- Hej, Nikitta, co ci? Martwisz się czymś? - Vito wydawał się szczerze zainteresowany, spojrzałam na niego, to niecodzienne zachowanie. Facet zna mnie od rana, a już traktuje jak dobrą przyjaciółkę. Westchnęłam głęboko, po czym uklękłam i pogłaskałam Amnestię.
- Tak, martwię się, czy Blue nie narozrabiała - Po chwili znów szliśmy, byliśmy coraz bliżej słyszałam rżenie koni. W stajni panowało jakieś poruszenie. Stajenni wybiegali, to wbiegali do budynku. Spojrzałam na Vito w tym samym czasie co on spojrzał na mnie. Szybko przywiązałam Amnestię do najbliższego słupka, po czym rzuciłam się biegiem w stronę stajni. Rżenie stawiało się coraz głośniejsze, kiedy dobiegliśmy, z stajni wygalopował koń pinto.
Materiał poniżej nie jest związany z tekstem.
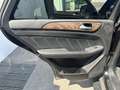 Mercedes-Benz Sonstige GLE Mercedes-AMG 63 S 4Matic Aut. Schwarz - thumbnail 32
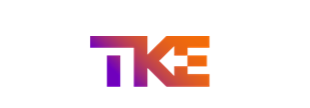 TKE logo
Poznałam go. Spanikowałam.
Blue Lady galopowała szaleńczo dookoła stajni, rżąc przeraźliwie i traktując wszystko na swojej drodze. Moją głowę zaprzątało pytanie, co zrobili stajenni, że tak ją rozsierdzili. Pies Vita schowała się chwilę przed tym, jak Blue przemknęła w miejscu gdzie przed chwilą stała Kiara. Nie wiele myśląc, zdjęłam z siebie bluzę, po czym rzuciłam ją na ziemie. Nie myślałam o tym, że owa bluza jest biała, ani o tym, że Vito mi się przygląda.Stanęłam na środku, bo zauważyłam, że Blue poruszała się w kole. Maiła na sobie kantar, ten sam, w którym tu przyjechała. Co chwilę zarzucała nerwowo łbem, trzymając uszy sztywno w górę. Ujadania psów nie pomagało w uspokojeniu klaczy. Kiedy po raz kolejny przemknęła obok mnie, zawahałam się. Nigdy jeszcze nie robiłam tego, co chcę zrobić teraz.
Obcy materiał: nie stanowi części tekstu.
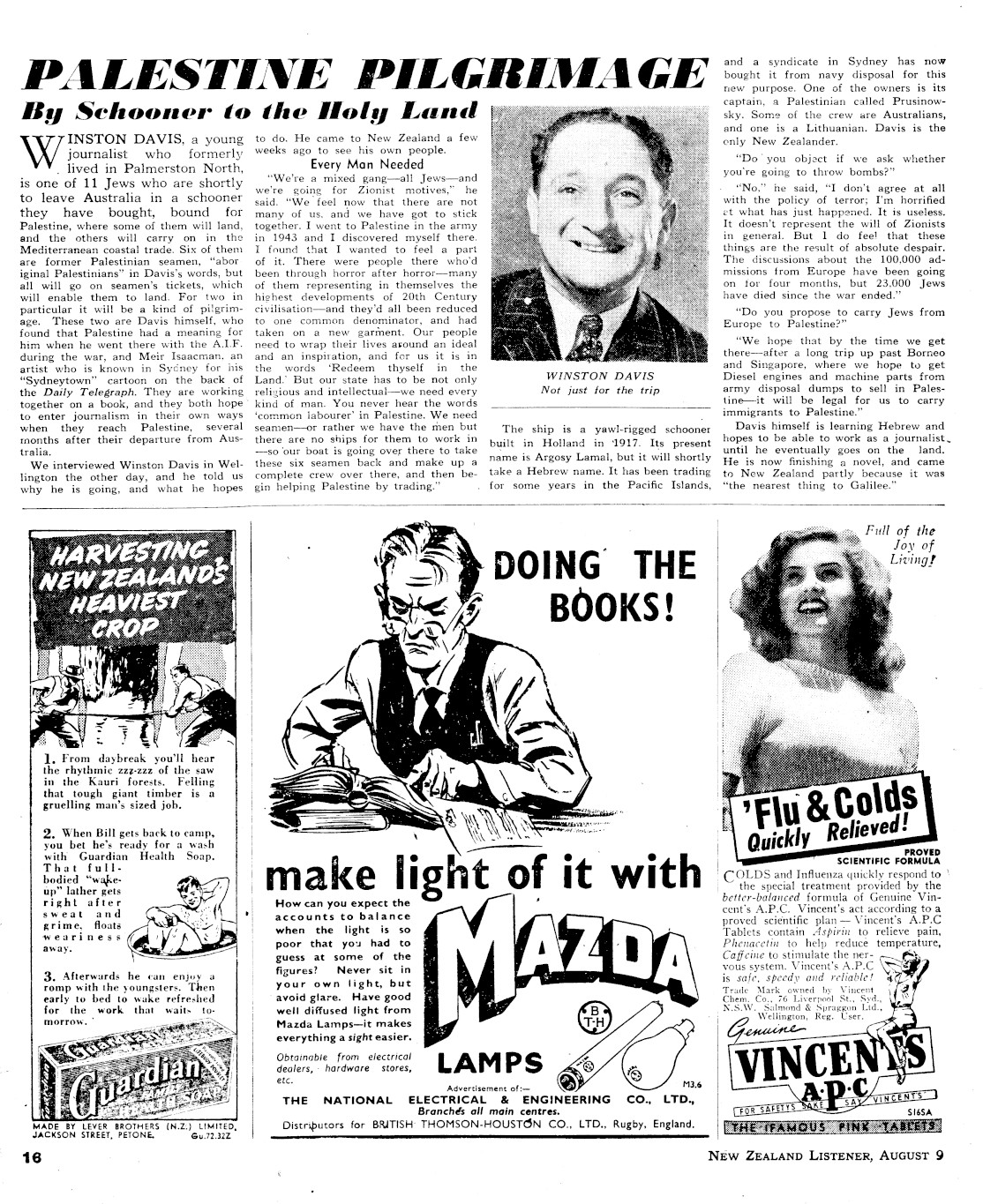 Page image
- Vito, weźmiesz Amnestię? Będzie przeszkadzać, bo zacznie biegać pod kopytami Blue. - Chłopak pokiwał głową bez słowa, po czym złapał smycz suczki, która kilka chwil temu zerwała się. Ze smyczy na pewno został tylko strzep. Kiedy klacz przebiegła obok mnie, rzuciłam się biegiem za nią. Czułam na sobie spojrzenia ludzi, serce biło mi dwa razy szybciej niż normalnie. W żyłach płynęła adrenalina. Kochałam to uczucie. Złapałam klacz za grzywę, po czym próbowałam odepchnąć się od ziemi, co poskutkowało potknięcie się, oraz tym, że musiałam się podciągać aby wsiąść na klacz. Kiedy biegała ze mną na grzebiecie już ósme kółko, zauważyłam tłum gapiów. Stajenni, Vito, oraz wielu innych, których nie kojarzyłam. Kiedy klacz się zatrzymała, zeskoczyłam z grzbietu przez co zakręciło mi się w głowie i przez chwilę miałam wrażenie, że lecę do tyłu.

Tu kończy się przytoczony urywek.